The 1609 text of the Sonnets is not a very good one. It may rest upon a fairly authoritative manuscript, but there are sufficient misprints, including misprints of punctuation not explicable upon any theory (cf. p. 195) of rhetorical punctuation, to make it clear that the volume cannot have been overseen by Shakespeare, as Venus and Adonis and Lucrece may have been. The absence of any author's epistle is a further indication of this. (1.559)

Chambers, however, at least suggests Shakespeare may indeed have authorized publication of the sonnets:

The 1640 text does not rest upon any fresh reference to a manuscript, although the sonnets, of which eight are omitted, have been regrouped in a new order under fancy headings, and the pronouns altered so as to suggest that those really written to a man were written to a woman. In this respect at least they cannot be, as Benson claimed, 'of the same purity, the Author himselfe then living avouched'. For what it is worth, however, the phrase seems to imply a belief that the original publication was not contrary to Shakespeare's desire, and perhaps the same inference might be drawn from William Drummond's statement about 1614 (App. B, no. xl) that Shakespeare had lately published his works. Drummond may not have been in a position to know much about it. (1.559)

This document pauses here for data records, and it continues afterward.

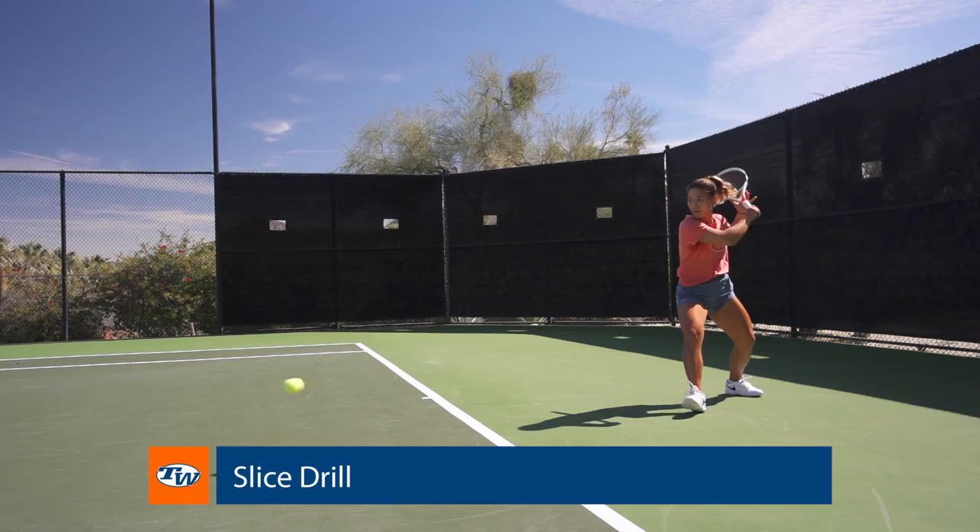Hey guys, Kristian here with Tennis Warehouse. I just wanted to share with you one of my favorite drills. It's called the slice drill, and basically all you do is work on your slice backhand while hitting a topspin forehand.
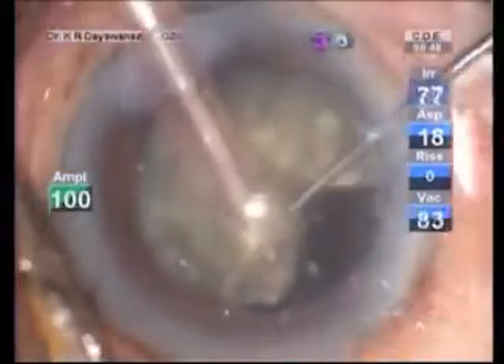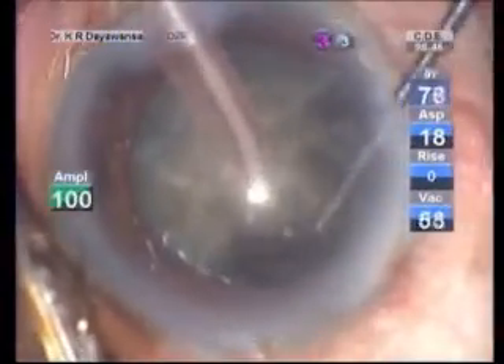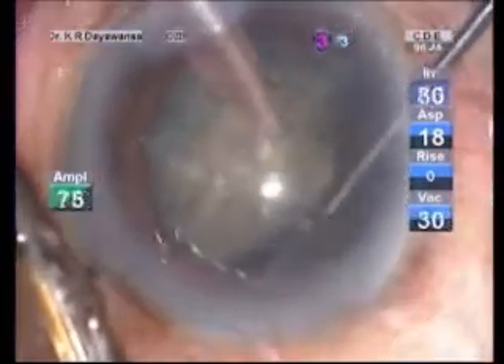Adequate size of capsulorhexis and careful hydrodissection with good endothelial coating are other basic steps vital for the success.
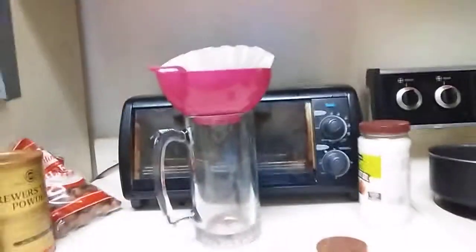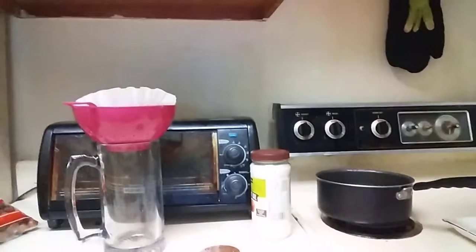They always say to get cloth paper and stuff like that, but I'm just going to use a coffee filter. I'm going to put it in a strainer and just strain it into a glass. I prefer glass.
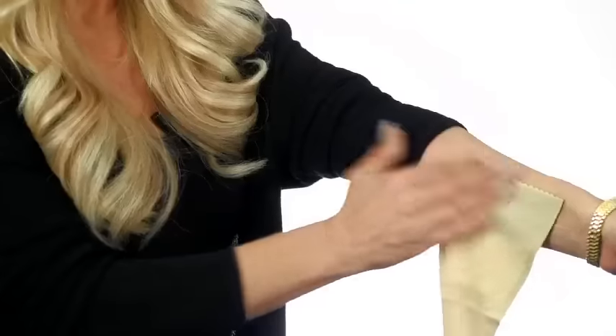Simply put it in place, put it through your legs — that's it.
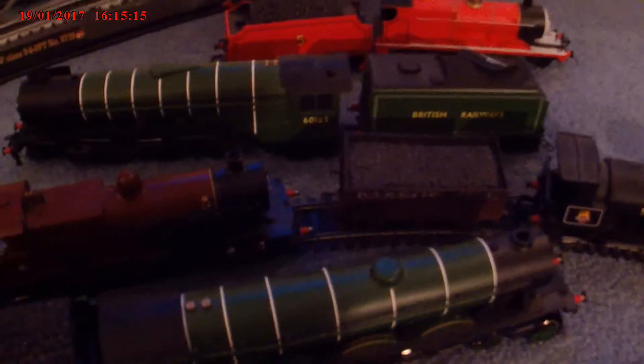I've got another siding here, but it's not really connected. Mallard there. Coronation there, a couple of Southerns just there. Loki Joe, Lion's Cotsworn, Tornado, and a few others.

Regarding the Drummond passage, Chambers maintains that "It was in 1614 that Drummond made the acquaintance of Alexander to whose Aurora as well as Shakespeare's Sonnets (1609) he seems to refer" (2.220). In the passage itself, Drummond, after commenting upon the treatment of "the Subject of Love" by Surrey, Wyatt, Sidney, Daniel, Drayton, Spenser, Ralegh, and Dryer, says, "The last we have are Sir William Alexander and Shakespear, who have lately published their Works" (2.220­221). Wyndham and Chambers notwithstanding, until recently, the dominant critical opinion of the twentieth century resoundingly has agreed with Knight's and Lee's claims that Q1609 was unauthorized, as we see in Steven Booth's "Since most people guess the 1609 Quarto to be unauthorized, we have no strong reason to assume the 1609 order to be either the order of their writing or the order in which Shakespeare would have wanted them read had he published them himself" (545).

During the past fifteen years, several challenges have been mounted against the hegemony of Knight's and Lee's position. In her 1983 "Was the 1609 Shake­speares Sonnets Really Unauthorized," Katherine Duncan­Jones presents a cogent case for the proposition that Shakespeare probably sold the text directly to Thorpe. Duncan­Jones argues "for the substantial integrity of the 1609 Quarto" first on the grounds of "Thorpe's practice and associations as a publisher" and second on structural grounds--"Within the 1609 text many elements of thematic and structural coherence are to be found which commentators have failed to recognize" (154­55). Duncan­Jones summarized her own thesis in her piece on "The Non­Dramatic Poems" in Shakespeare: A Bibliographic Guide:

My own examination of the rest of Thorpe's publications has suggested that Shakespeare is quite likely to have sold the text directly to Thorpe, who had recently done good work for Jonson and Marston, among others; and a comparison of the 1609 quarto with other sonnet volumes points to its being an artistic unit not unfamiliar in the period, made up of sonnets, 'anacreontic poems' (153­4), and 'complaint'. (75)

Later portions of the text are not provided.